At one point in the episode, Jerry mentions having a sister; however, she is never mentioned again in the series. In real life, Seinfeld has an older sister named Carolyn.

===Cast===
"The Chinese Restaurant" was the first episode that did not feature regular character Kramer (Michael Richards), Jerry's neighbor. David explained that the reason for Kramer's absence was because, during Seinfelds early seasons, the character never left his apartment and did not go out with the other three. Richards was still displeased with the absence of his character, as he felt the episode was a breakthrough and, as such, essential for the series' development. In an interview for the Seinfeld first- and second-season DVD box set, he commented: "The Chinese restaurant episode was so unique, and I just wanted to be a part of that because it was cutting edge. I knew that was a very important episode; it was so odd."

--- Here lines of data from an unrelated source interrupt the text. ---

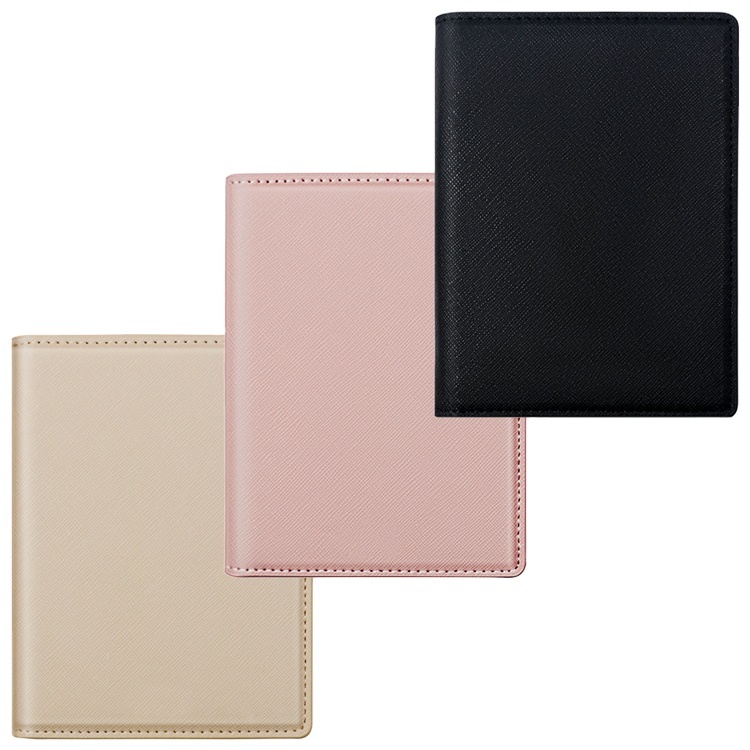 Custom Color Purely Handmade Saffiano Leather Material Travel Passport holder RFID Blocking Wallet
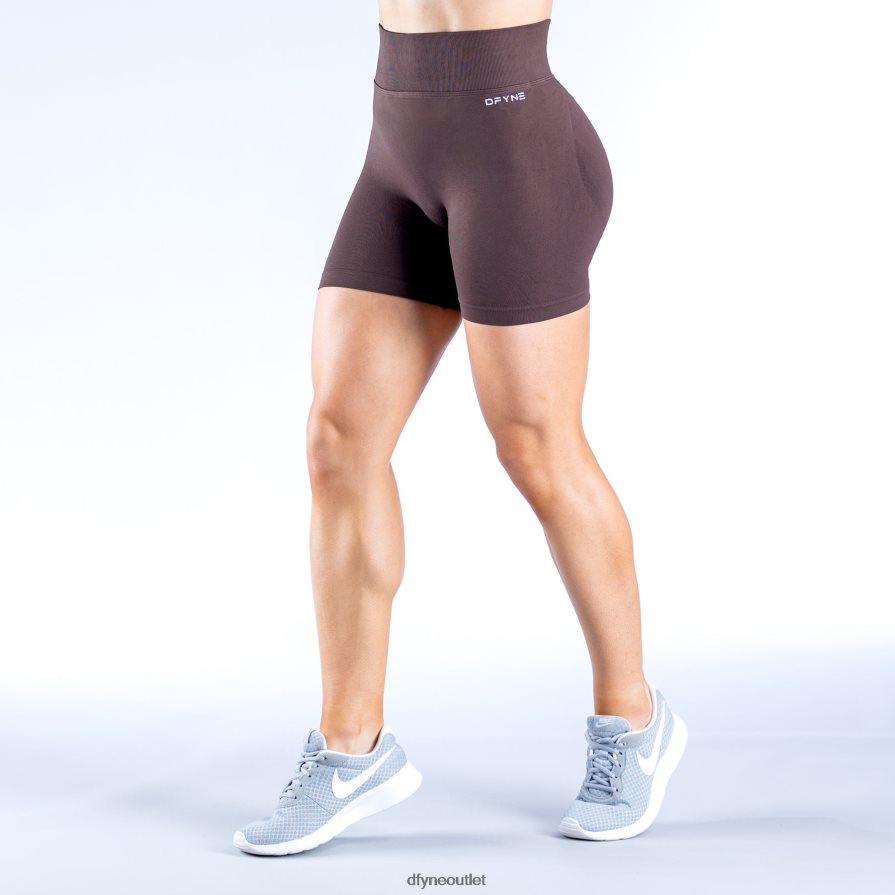 Dfyne statki czekoladowy brąz dynamiczne spodenki 4,5' 6 JFL26T10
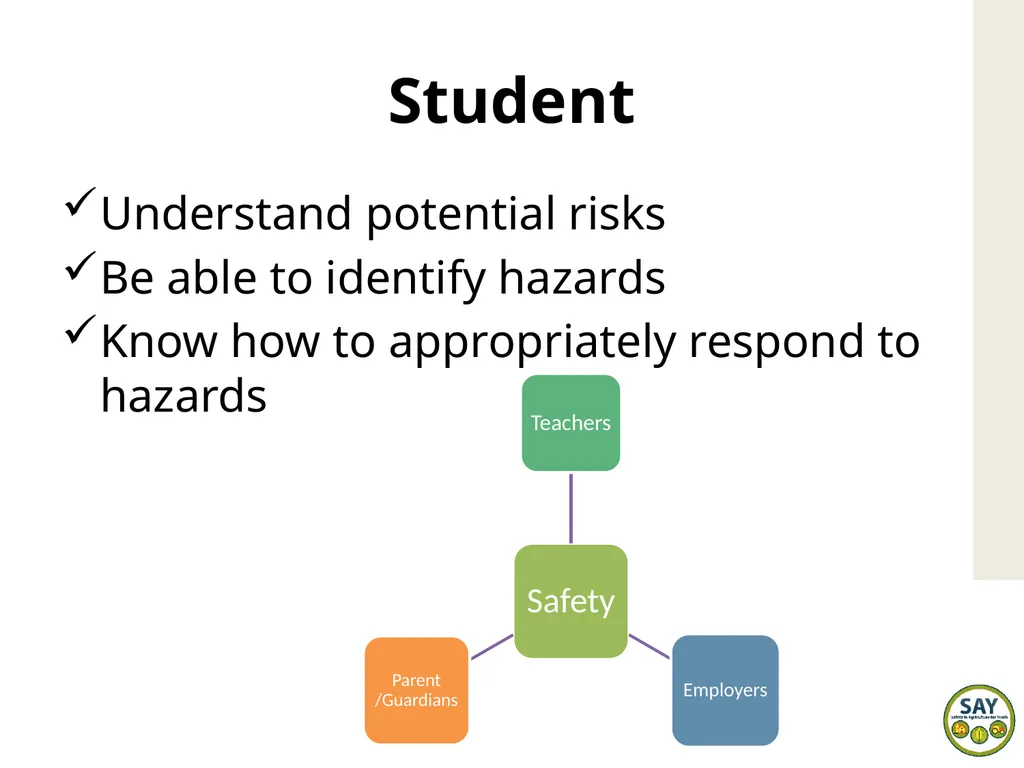 SAE Safety Why is SAE safety important? - slide 7 of 11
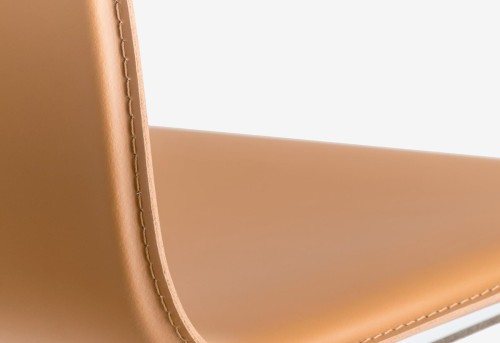 krzesło Inga, krzesło Pedrali, krzesło stalowe, krzesło skórzane, krzesło do jadalni, krzesło do kuchni, nowoczesny design, włoski design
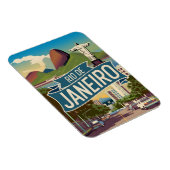 Rio de Janeiro Vintag Magnet (Rechte Seite)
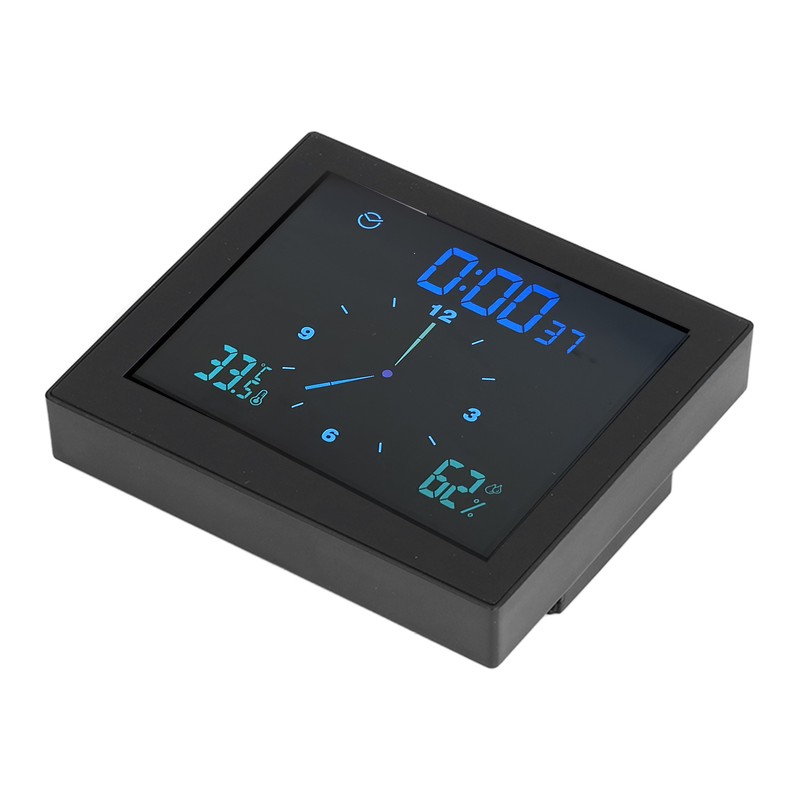 5in Wall Shower Clock Digital Timer Alarm Temperature Humidity Display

Michael Mitz, who portrayed one of the payphone occupants, would return in season five as a photographer in "The Puffy Shirt". The maître d' was portrayed by James Hong; it is one of the actor's notable roles in the United States. Hong had a small part in an episode of The Bob Newhart Show, season one, in 1972, portraying a man who is mistaken for a maître d', and played a similar role to his in "The Chinese Restaurant" in the 1961 film Flower Drum Song. Judy Kain, known for a recurring role on Married... with Children, guest-starred as Lorraine Catalano, the receptionist of Jerry's uncle. David Tress guest-starred as Mr. Cohen, a guest who enters the restaurant and receives a table without reservation, as he is good friends with the maître d'. Larry David's voice can be heard among the group of elderly people from whom Elaine tries to buy an egg-roll. Norman Brenner, Richards' stand-in, appears as an extra; he is sitting by the door of the restaurant when George, Jerry, and Elaine enter, and is still at the same spot when they leave.

==Themes==
The episode is widely considered to encapsulate Seinfelds "show about nothing" concept, with The Tampa Tribune critic Walt Belcher calling it "the ultimate episode about nothing", and David Lavery and Sara Lewis Dunne describing it as "existential" in Seinfeld, Master of Its Domain: Revisiting Television's Greatest Sitcom. Critics had a similar reaction to season three's "The Parking Garage", in which the four central characters spent the whole episode looking for their car. The episode drags a small event out over the course of an entire episode. Lavery and Dunne suggest that this structure critiques sitcoms with implied moral lessons (such as those found in so-called "very special episodes"), in keeping with David's "no hugging and no learning" maxim. Vincent Brook, as part of his analysis regarding the influence of Jewish culture on Seinfeld, has said that the episode's theme of entrapment and confinement in a small space is a recurring scenario on the show. The relationship between the characters and food is another recurring theme of the series according to Lavery and Dunne; specific food items are associated with individual characters, and food itself is a "signifier of social contracts".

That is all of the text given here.